- **EXERCISE DATA**:
=======

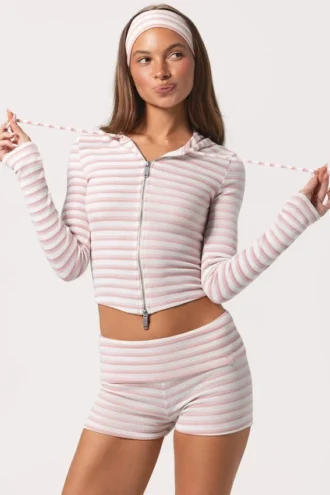 Sudadera corta con capucha de jersey acanalado a rayas rosas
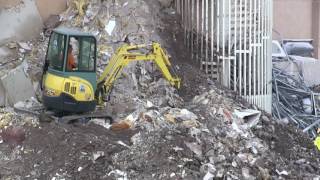 Yanmar Vio25 Mini Excavator Zero Tail at Work [upl. by Lednam919]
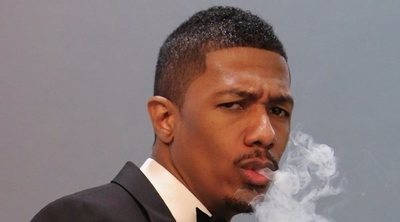 Nick Cannon publica tuits homófobos de otras cómicas para defender a Kevin Hart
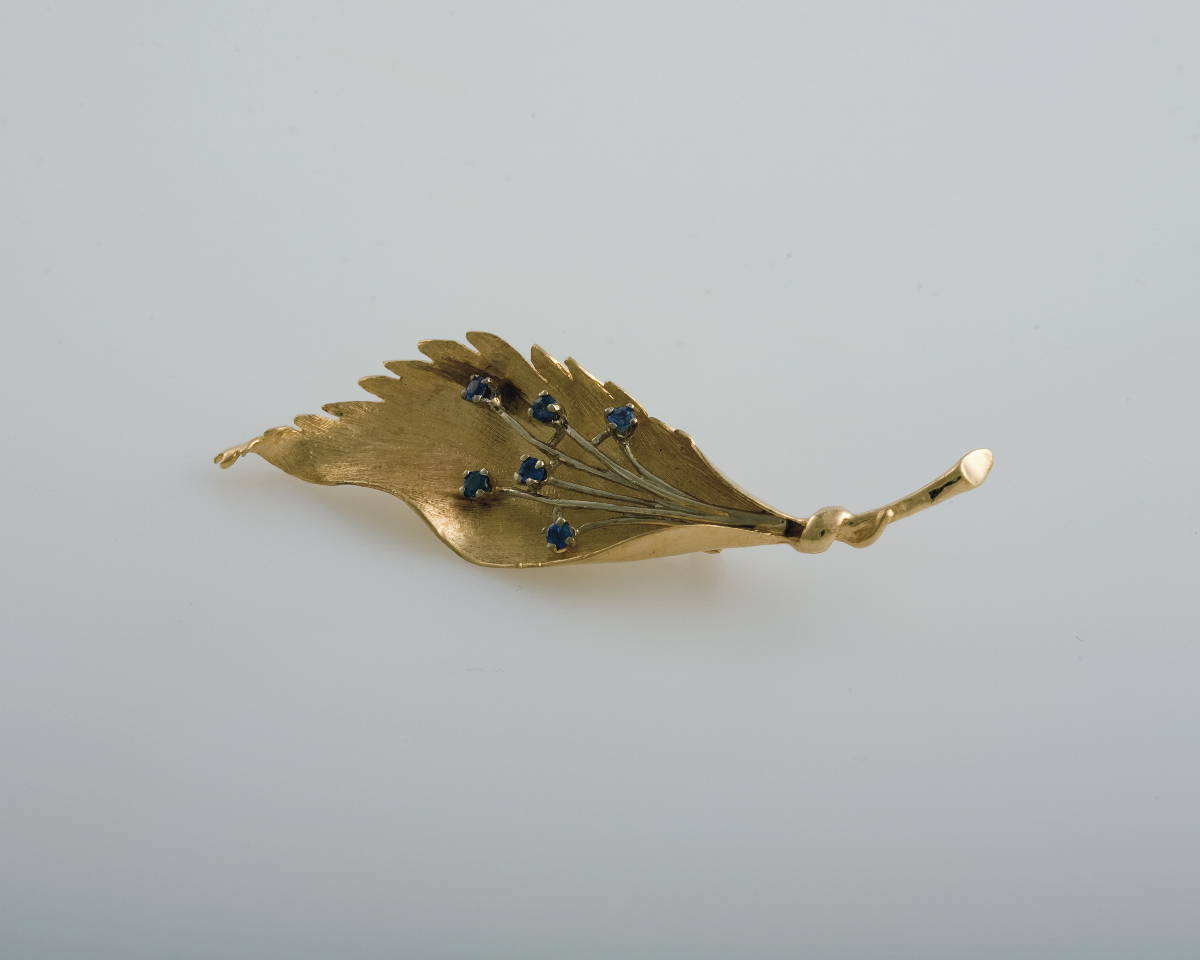 Appraisal: GOLD LEAF PIN WITH SAPPHIRE ACCENTS kt gold Together with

=======

Would you mind transcribing the material exactly, without the pictures?

- **RESPONSE BOX**:
 Sudadera corta con capucha de jersey acanalado a rayas rosas
 Yanmar Vio25 Mini Excavator Zero Tail at Work [upl. by Lednam919]
 Nick Cannon publica tuits homófobos de otras cómicas para defender a Kevin Hart
 Appraisal: GOLD LEAF PIN WITH SAPPHIRE ACCENTS kt gold Together with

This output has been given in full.